A las once y media tres funcionarios del departamento de energía se reunieron conmigo en un restaurante próximo a la base aérea. Entre bocados de tortellíni, hablamos de la política de seguridad informática del DOE. A ellos les preocupan los secretos relacionados con bombas atómicas, pero también son dolorosamente conscientes de que la seguridad entorpece las operaciones. Los ordenadores de alta seguridad son de difícil acceso y desagradables de utilizar. Los sistemas abiertos y amenos suelen ser inseguros.

A continuación nos dirigimos a Bolling. Era la primera vez que pisaba una base militar. Las películas son verídicas: los soldados saludan a los oficiales y el pobre centinela del portalón se pasa el día saludando a todos los coches que pasan junto a él. Como era de suponer, a mí nadie me saludó; con mi pelo largo, vaqueros y una chaqueta andrajosa, un marciano habría pasado más inadvertido.

Unas veinte personas hicieron acto de presencia en representación de todas las agencias de tres siglas. Por fin pude relacionar las voces del teléfono con rostros humanos. Mike Gibbons tenía realmente el aspecto de un agente del FBI; debía de tener unos treinta años, traje impecable, bigote y probablemente practicaba la alterofilia en sus horas libres. Charlamos un buen rato de microordenadores; conocía el sistema operativo Atari como la palma de la mano. Jim Christy, el investigador de delitos informáticos de las fuerzas aéreas, era alto, delgado e inspiraba confianza. Y también estaba Teejay, sentado en un rincón de la sala, silencioso como de costumbre.

El sonriente y corpulento Zeke Hanson, de la NSA, me saludó con una palmada en la espalda. Navegaba con tanta pericia por los ordenadores como por la administración. De vez en cuando me susurraba alguna interpretación, como:

—Ese personaje es importante para tu caso —o—, ésa no es más que un portavoz de su partido.

Me sentía incómodo entre tantos trajes, pero con el apoyo de Zeke me puse en pie y dirigí la palabra a la concurrencia.

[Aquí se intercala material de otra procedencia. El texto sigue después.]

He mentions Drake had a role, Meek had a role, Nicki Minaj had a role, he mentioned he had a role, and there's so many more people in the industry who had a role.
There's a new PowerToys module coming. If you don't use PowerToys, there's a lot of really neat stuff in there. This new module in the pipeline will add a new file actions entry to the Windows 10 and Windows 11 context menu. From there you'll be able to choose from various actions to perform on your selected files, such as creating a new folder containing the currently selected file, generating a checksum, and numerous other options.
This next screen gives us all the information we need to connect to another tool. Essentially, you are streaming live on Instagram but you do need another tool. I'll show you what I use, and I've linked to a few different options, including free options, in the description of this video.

Charlé un rato de las conexiones de la red y de los puntos débiles, y a continuación los demás discutieron la política nacional sobre seguridad informática. Al parecer era inexistente.

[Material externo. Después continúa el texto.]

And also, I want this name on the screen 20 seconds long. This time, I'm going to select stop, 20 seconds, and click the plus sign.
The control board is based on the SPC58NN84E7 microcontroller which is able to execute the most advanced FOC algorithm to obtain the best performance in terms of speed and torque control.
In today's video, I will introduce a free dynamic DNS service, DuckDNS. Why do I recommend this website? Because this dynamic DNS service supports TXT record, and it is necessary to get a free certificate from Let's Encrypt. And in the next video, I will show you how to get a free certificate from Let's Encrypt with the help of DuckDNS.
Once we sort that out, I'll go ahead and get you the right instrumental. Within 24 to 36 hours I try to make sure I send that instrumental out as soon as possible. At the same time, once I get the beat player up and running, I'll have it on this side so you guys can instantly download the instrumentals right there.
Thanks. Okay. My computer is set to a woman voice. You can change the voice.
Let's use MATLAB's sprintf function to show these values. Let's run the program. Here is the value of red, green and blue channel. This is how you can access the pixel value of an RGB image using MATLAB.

Durante toda la reunión había siempre alguien que preguntaba:

—¿Quién manda?

Yo miraba al grupo del FBI y veía que Mike Gibbons, encargado del caso, se hundía en su silla. George Lañe, sentado junto a él, respondía en nombre del FBI:

—Puesto que no nos concederán la extradición de ese individuo, el FBI no está dispuesto a dedicar muchos recursos al caso. Hemos hecho ya todo lo que podemos.

—Os hemos estado suplicando que llaméis a los alemanes —replicaron los representantes del DOE—. Los alemanes os suplican que os pongáis en contacto con ellos. Pero en Bonn todavía no han visto la orden judicial.

Hemos tenido algunos problemas con el despacho de nuestra oficina juridica, pero esto no es lo que nos concierne en este momento —respondió Lañe—. Lo fundamental es que el hacker no ha causado ningún daño.

Russ Mundy, gallardo coronel de la Defense Communication Agency, fue incapaz de contenerse:

—¡Ningún daño!... Ese individuo se infiltra en un par de docenas de ordenadores militares, ¿y eso no es ningún daño? Está robando tiempo informático y conexiones de la red. Para no mencionar los programas, la información y las contraseñas. ¿Cuánto tenemos que esperar? ¿Hasta que se meta en algo realmente grave?

—Pero no está en juego ninguna información confidencial —dijo el agente del FBI—. Y en cuanto al dinero, ¿qué se ha perdido? ¿Los setenta y cinco centavos de Berkeley?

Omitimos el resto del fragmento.